── Records to process
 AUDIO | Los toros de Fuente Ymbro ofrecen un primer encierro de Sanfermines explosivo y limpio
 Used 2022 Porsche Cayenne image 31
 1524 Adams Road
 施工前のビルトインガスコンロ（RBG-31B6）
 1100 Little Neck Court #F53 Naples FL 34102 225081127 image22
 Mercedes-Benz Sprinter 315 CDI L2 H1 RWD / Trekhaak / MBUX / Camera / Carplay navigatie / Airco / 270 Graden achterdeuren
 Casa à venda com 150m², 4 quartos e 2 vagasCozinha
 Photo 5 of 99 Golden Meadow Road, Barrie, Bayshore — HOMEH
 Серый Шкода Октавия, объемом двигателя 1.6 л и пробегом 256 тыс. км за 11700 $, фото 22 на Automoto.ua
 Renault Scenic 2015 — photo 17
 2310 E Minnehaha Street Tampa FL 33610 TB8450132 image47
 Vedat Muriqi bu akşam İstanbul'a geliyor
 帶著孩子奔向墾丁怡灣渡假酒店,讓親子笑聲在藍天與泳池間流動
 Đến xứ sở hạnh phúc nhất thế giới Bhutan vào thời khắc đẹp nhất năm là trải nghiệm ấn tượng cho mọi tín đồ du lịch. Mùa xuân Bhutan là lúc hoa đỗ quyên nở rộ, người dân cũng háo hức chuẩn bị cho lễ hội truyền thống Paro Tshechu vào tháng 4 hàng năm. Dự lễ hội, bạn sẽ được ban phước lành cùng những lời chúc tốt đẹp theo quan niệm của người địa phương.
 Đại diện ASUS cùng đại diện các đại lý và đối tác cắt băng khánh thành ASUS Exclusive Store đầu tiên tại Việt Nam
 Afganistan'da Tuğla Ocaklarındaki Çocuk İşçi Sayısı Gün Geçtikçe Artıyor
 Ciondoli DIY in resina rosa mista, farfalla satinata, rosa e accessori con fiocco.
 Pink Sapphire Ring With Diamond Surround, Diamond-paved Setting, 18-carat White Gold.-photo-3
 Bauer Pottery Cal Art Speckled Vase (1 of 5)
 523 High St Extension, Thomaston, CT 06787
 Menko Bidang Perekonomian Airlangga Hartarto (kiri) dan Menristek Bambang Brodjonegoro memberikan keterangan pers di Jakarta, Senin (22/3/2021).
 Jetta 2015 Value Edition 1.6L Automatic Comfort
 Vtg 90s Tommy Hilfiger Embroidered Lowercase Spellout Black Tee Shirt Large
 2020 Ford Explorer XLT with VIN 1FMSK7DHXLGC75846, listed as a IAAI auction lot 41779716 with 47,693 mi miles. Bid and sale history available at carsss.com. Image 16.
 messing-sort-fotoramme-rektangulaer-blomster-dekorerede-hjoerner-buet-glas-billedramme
────
How many of the lines in the listing above hold the word "Road"? Report only that figure.

• [Written answer] 2